The European Central Bank is expected to roll out its new system — called TARGET Instant Payments — in November 2018. Aside from reducing settlement time from the current one-day standard to mere seconds without needing a clearing house, the rollout will allow consumers to make real-time transfers across the Eurozone’s 19 countries.

Similarly, the US Federal Reserve’s Faster Payments Task Force recently released its much awaited second white paper. A bold statement of intent, it sets out a detailed roadmap that hopes to achieve a “faster, ubiquitous, broadly inclusive, safe, highly secure and efficient” nationwide payments system by 2020.

Biometrics will continue to take centre stage

We’re already accustomed to using fingerprints or, in the case of high-end Android smartphones, iris scans to authorise mobile payments. In the coming years, we’ll build on these technologies to make biometrics more sophisticated and secure. 

Already, there’s a shift towards biometric data we hadn’t considered before. A KFC outlet in China recently made waves for trialling 3D technology that allows you to pay by smiling at a camera. Brazilian bank Banco Bradesco has deployed ATMs that read the unique vein pattern in your palm. And there’s also been a study into authentication via sweat molecules, which are unique to individuals.

It’s thought that 77% of point of sale terminals around the world will be NFC-enabled, and therefore able to accept mobile payments, by 2020. However, the future of biometric payments isn’t necessarily tied to NFC-enabled equipment, or to mobile wallets. 

KFC’s smile-to-pay technology is a prime example. It doesn’t require a smartphone or other device, because the user registers beforehand. Similarly, a London Costcutter store is trialling payment via a fingerprint scanner that links directly to your bank account. While it’s still early days, these developments could be the tipping point that leads to a new era of cardless payments. 

The flipside is that biometric data isn’t as easily replaced as a lost or stolen card.
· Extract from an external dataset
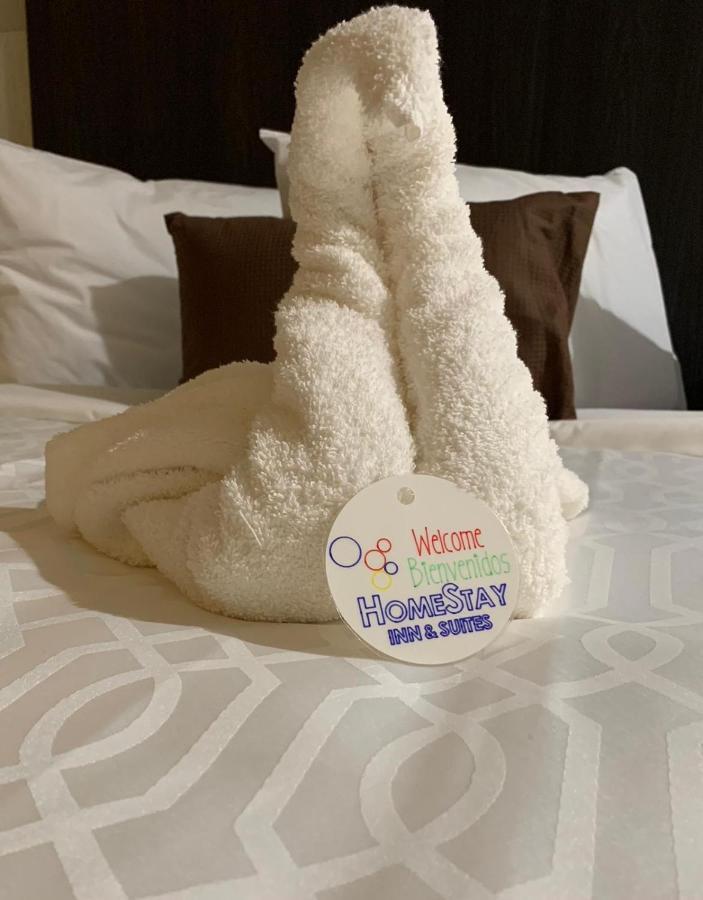 Homestay Inn & Suites Edinburg Εξωτερικό φωτογραφία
And while the concept of someone stealing your retina scans may sound far-fetched, cybercriminals have proved nothing if not adaptable and resilient: a Vietnamese security firm claimed they managed to break the iPhone X’s face ID technology a mere week after its release.

The manner in which biometrics are stored and kept safe also feeds into a broader discussion on big data. 

The changing role of payments data

The payments industry will have to rethink its approach to big data in 2018, especially in the EU. 

As much as it can speed up onboarding and authentication, help providers deliver a more personal service and assist in fighting fraud, big data has also opened an ethical Pandora’s Box. Indeed, the European Banking Authority recently launched a discussion paper in which it expressed concern on current practices such as creditworthiness assessments, as they can lead to discrimination and financial exclusion.

Upcoming changes to the regulatory landscape such as the second Payment Services Directive and the General Data Protection Regulation (GDPR) will also affect the way merchants and payment providers process and store customer data. 

In particular, people will now need to actively consent to data sharing. They’ll have a right to request all data an organisation has on them. And, they’ll have a right to be forgotten, that is to ask an organisation to delete all the personal data it holds on them.

In summary

2018 will continue to mark an exciting time in the payments industry. Lack of friction, speed and convenience will keep driving innovation. And, some of the technological developments on the horizon might prove to be game-changers. 

At the same time, the industry will also have to adapt to regulatory change and address negative public perception around its treatment of personal data. 

It’s only natural for consumers to feel reluctant about sharing their information in the face of high profile breaches such as the recent Equifax debacle. The onus is on the industry to include consumers in the conversation, build a relationship of trust and empower them to share data in an informed way instead of opting out of new technologies.